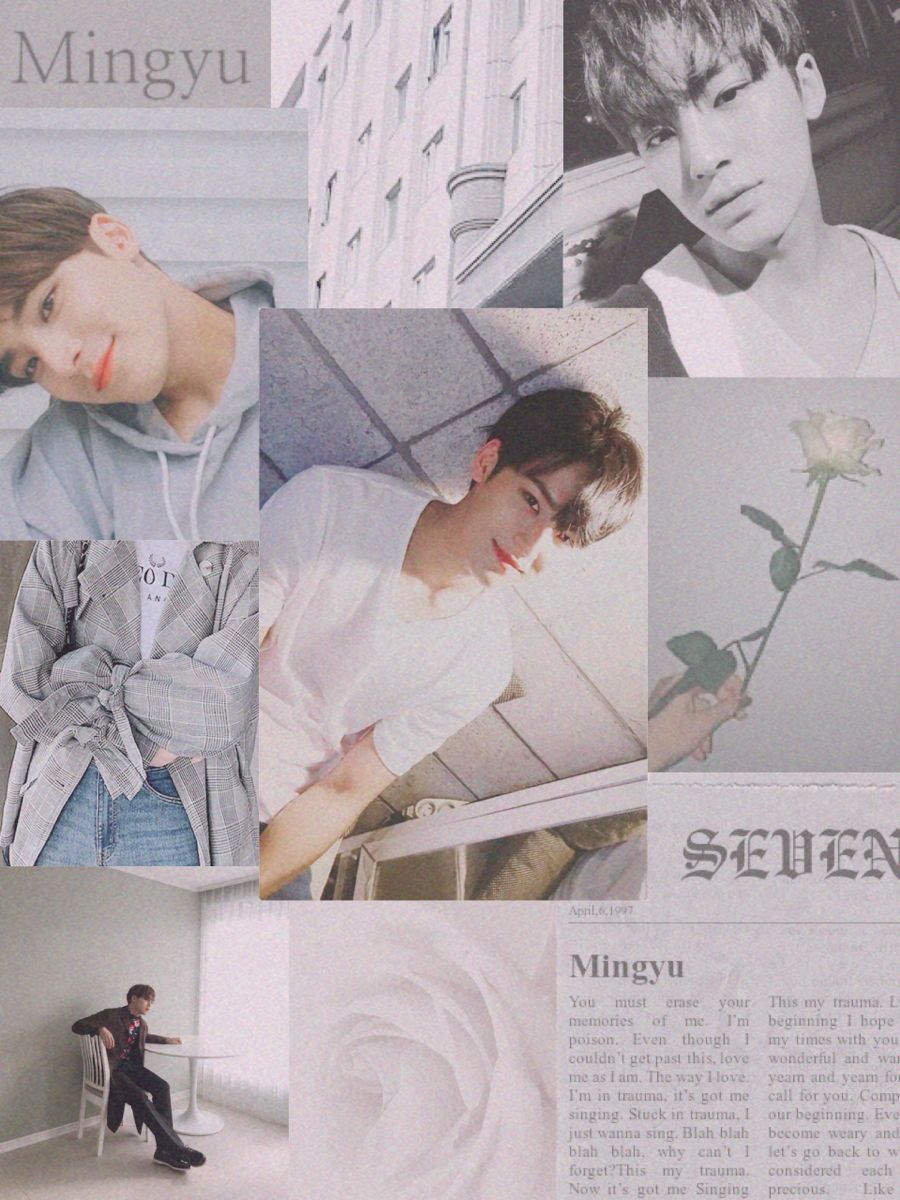 Mingyu Aesthetic Wallpapers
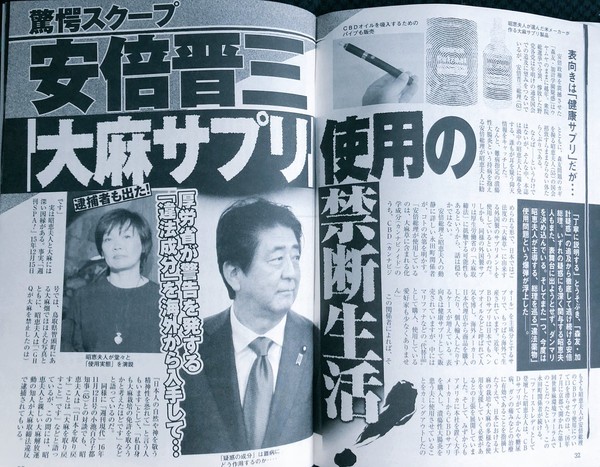 安倍昭恵氏のInstagramに「半裸男性」炎上し写真を削除：コメント27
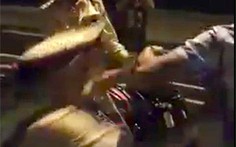 CSGT ngã do trượt chân, không giả vờ, cũng không bị đánh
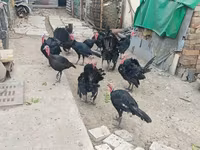 سفید سینه‌پهن — عکس 3
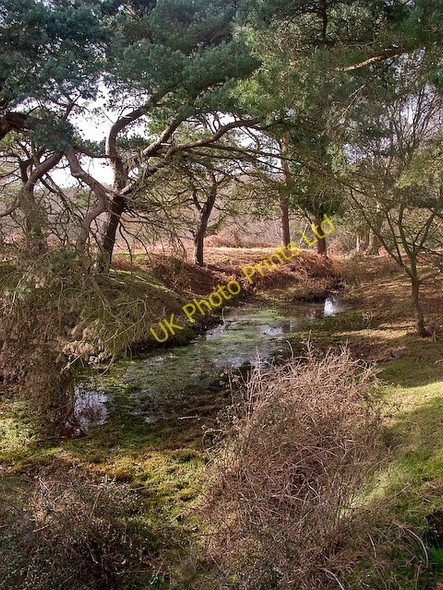 Photo 6"x4" Pond within trees on Stoney Cross Plain, New Forest Stoney Cross c2008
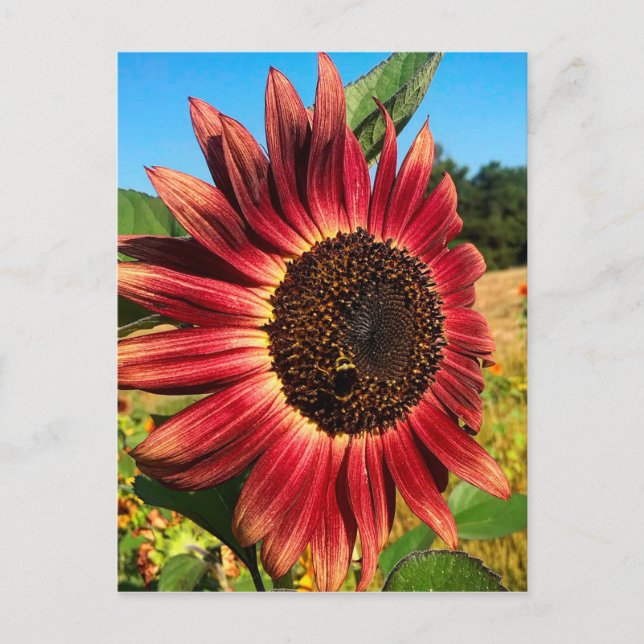 Red Sunflower with Bee Postcard (Front)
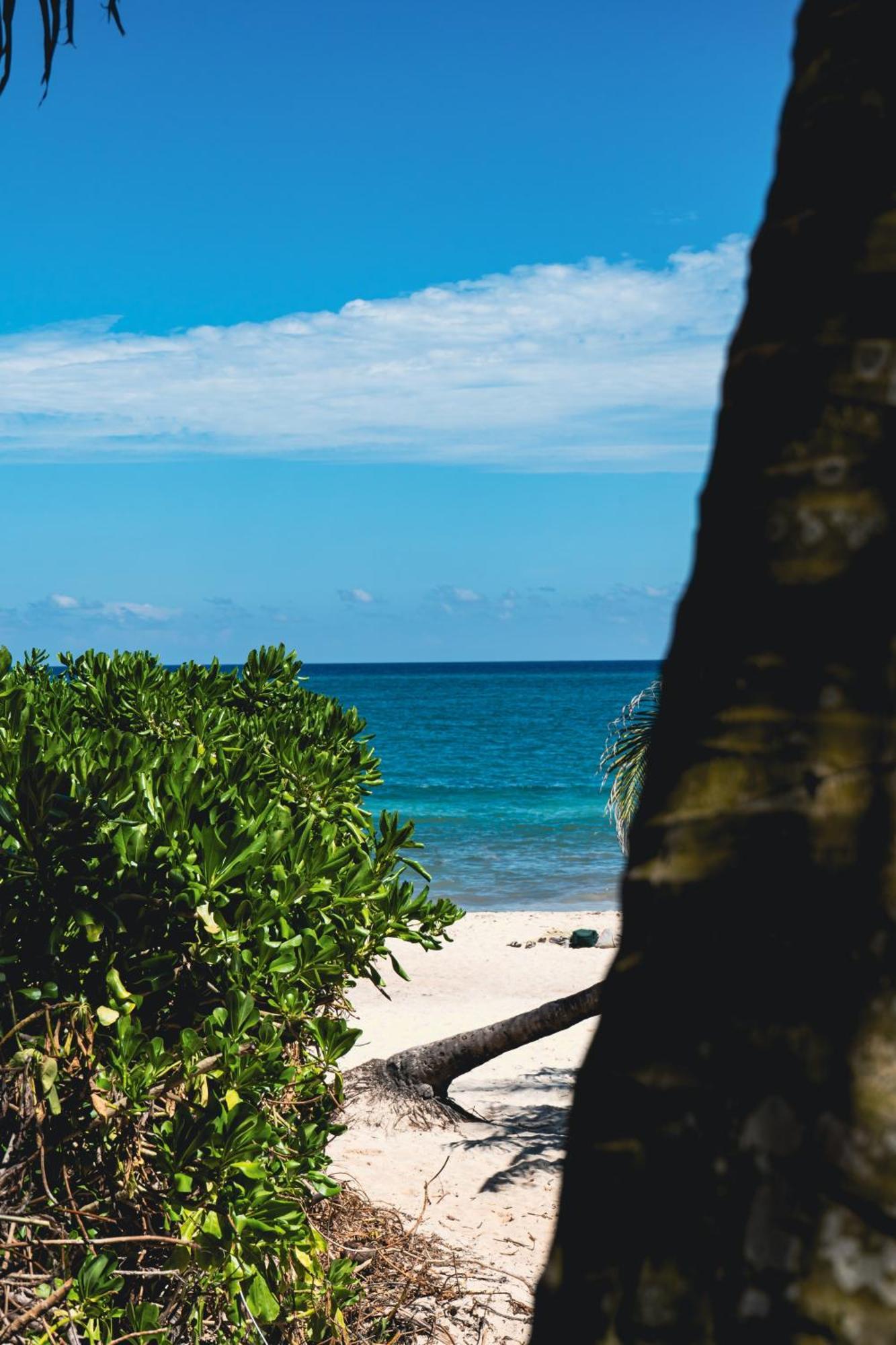 Tunich Jungle Cabanas Tulum Eksteriør billede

> Task goal: Please transcribe every entry above exactly, leaving out any pictures.

> Solution for this exercise:
 Mingyu Aesthetic Wallpapers
 安倍昭恵氏のInstagramに「半裸男性」炎上し写真を削除：コメント27
 CSGT ngã do trượt chân, không giả vờ, cũng không bị đánh
 سفید سینه‌پهن — عکس 3
 Photo 6"x4" Pond within trees on Stoney Cross Plain, New Forest Stoney Cross c2008
 Red Sunflower with Bee Postcard (Front)
 Tunich Jungle Cabanas Tulum Eksteriør billede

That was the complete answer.